Heterogeneous azeotropic distillation: The entrainer forms a heteroazeotrope with at least one
of the original mixture components. The distillation is carried out in a combined column and
decanter system.

Figure 2.2: Heterogeneous azeotropic distillation of ethanol and water


A stripping column: column 1
A liquid-liquid settler (decanter) to separate the two liquid phases a and b
A distillation column: column 2
An example is ethanol water mixture with benzene as entrainer. The entrainer forms a
heterogeneous azeotrope with the orginal component.
The stripping column receives the liquid phase of composition x a from the settler. In column 1
the phase a is more volatile than the water (component A), which is then found almost pure at the
bottom of this column. The vapor phase of composition x a is accumulated at the top of column 1
and sent into the liquid-liquid settler, from where it is recycled back into the same column 1.
In the column 2 the liquid phase of composition x b constitutes the reflux of the distillation
column 2. The phase b is less volatile than the ethanol which is found at the bottom of this
column 2. The vapor coming from column 2 is sent into the settler where it split again into the
two liquid phases, where the azeotropes are broken.

Homogeneous azeotropic distillation can be carried out using pressure swing distillation, as
already shown in question 1.

Distillation condition
Homogeneous azeotropic distillation
The entrainer alters the relative volatility of the two azeotropic constituents without inducing
liquid-liquid separation. Some homogeneous azeotropic pressure sensitive component can be
separated using pressure-swing distillation, where two or more distillation columns operating at
different pressures with a recycle stream to achieve the desired separation. However, if the
change in azeotrope composition is small, the pressure-swing distillation will have very large
recycle flowrates, making the process inefficient and uneconomical process. Separation recycle
reflux reaches maximum for some mixture, and it can achieve with the same specifications with
a larger number of trays and requires a larger reflux. At infinite reflux, no separation is achieved.
For some mixture, the only separation yields the intermediate component as a pure distillate,
while the bottom product contains the light and heavy components. Sometimes the separation
yields the intermediate component as a pure bottom product while the distillate contains the light
and heavy components. For a minimum boiling azeotrope, the entrainer selection rules state that
one should use a component that introduces no distillation boundary between the azeotropic
constituents, and either a low or high boiling component that introduces no additional azeotrope
or a component which introduces new minimum boiling azeotropes.
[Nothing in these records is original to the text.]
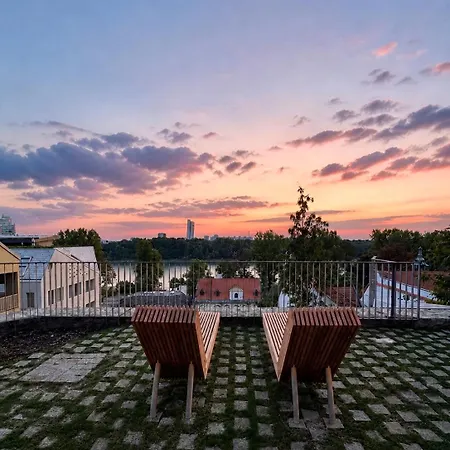 公寓 Vydrica Loft By Castle&danube - Old Town- Privat Parking Included *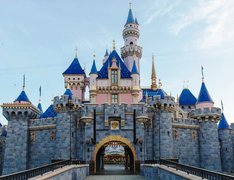 Sleeping Beauty Castle Walkthrough in USA, California | Architecture - Rated 3.7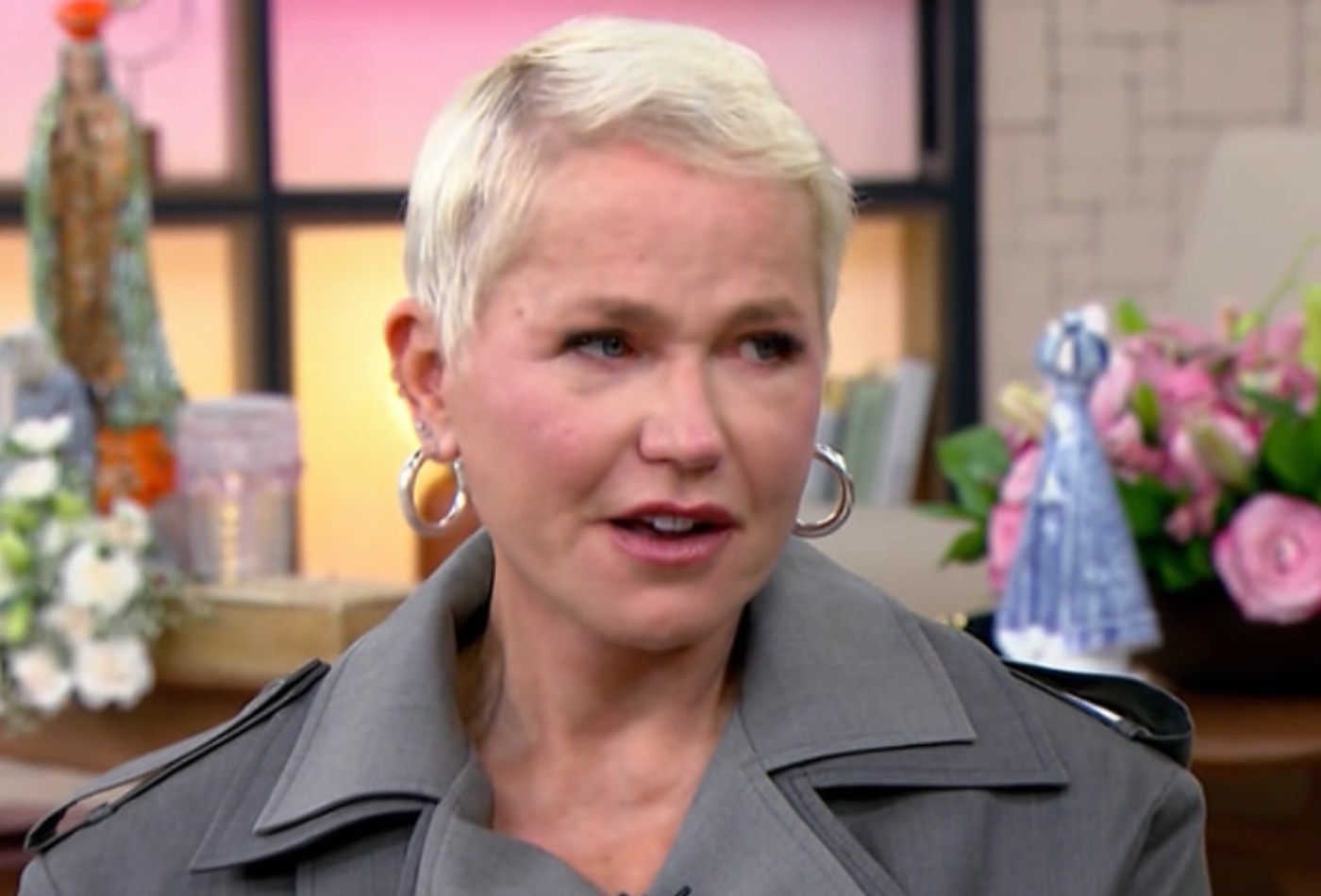 Xuxa rebate críticas ao figurino e aparência: 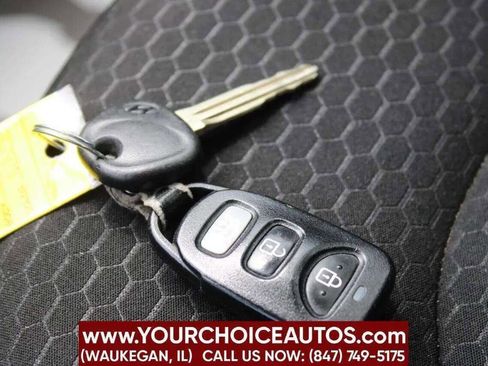 Used 2019 Hyundai Elantra SE w/ Cargo Package image 29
Heterogeneous azeotropic distillation


The entrainer alters the relative volatility of the two azeotropic constituents and induces liquidliquid separation. Heterogeneous azeotropes can be easily separated using a decanter coupled
with one or more distillation columns, which follows the principle of both vapor-liquid and
liquid-liquid equilibrium driving forces. Many heterogeneous azeotropic distillation systems are
very sensitive to small changes in the operating conditions,

Small changes in bottoms products purity specs can significantly impact the column

temperature profile.
Small changes in the reflux ratio can significantly change the temperature profile.
Small deviation in pressure can move the overhead composition outside the
heterogeneous region, which can cause column failure.

Heterogeneous azeotropic distillation is used to separate close-boiling or azeotropic systems.


This type of distillation can be used as an alternative to extractive distillation, pressure swing
distillation, or homogeneous azeotropic distillation.